### Data section

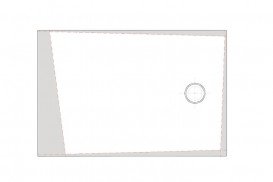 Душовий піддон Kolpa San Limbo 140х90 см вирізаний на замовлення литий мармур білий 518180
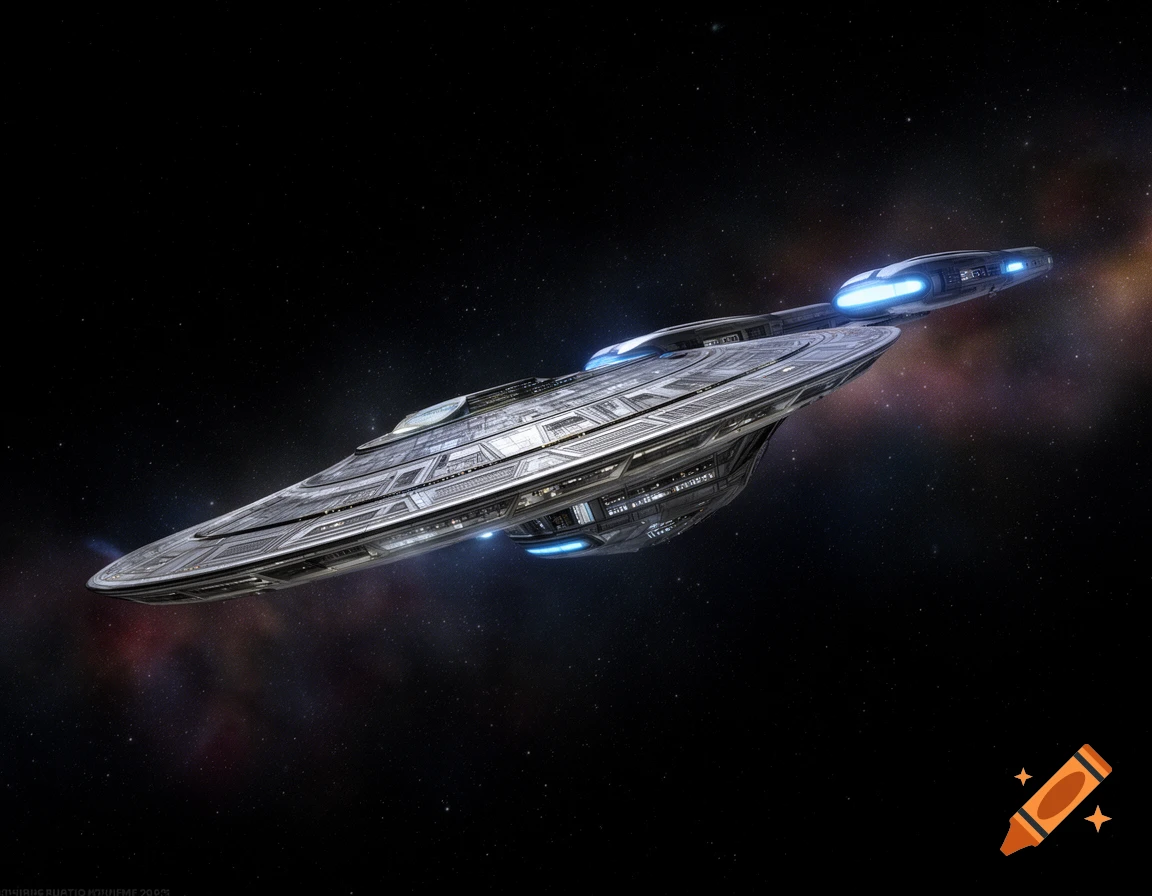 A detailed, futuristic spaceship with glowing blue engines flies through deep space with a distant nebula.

--

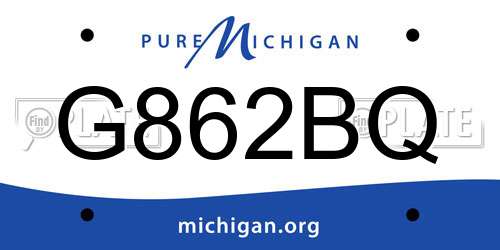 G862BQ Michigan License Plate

### Task instructions
In the records above, everything from the line with "Душовий піддон Kolpa" down to the line with "A detailed, futuristic" must be duplicated exactly, both lines kept. Leave no pictures in.

### Your response
 Душовий піддон Kolpa San Limbo 140х90 см вирізаний на замовлення литий мармур білий 518180
 A detailed, futuristic spaceship with glowing blue engines flies through deep space with a distant nebula.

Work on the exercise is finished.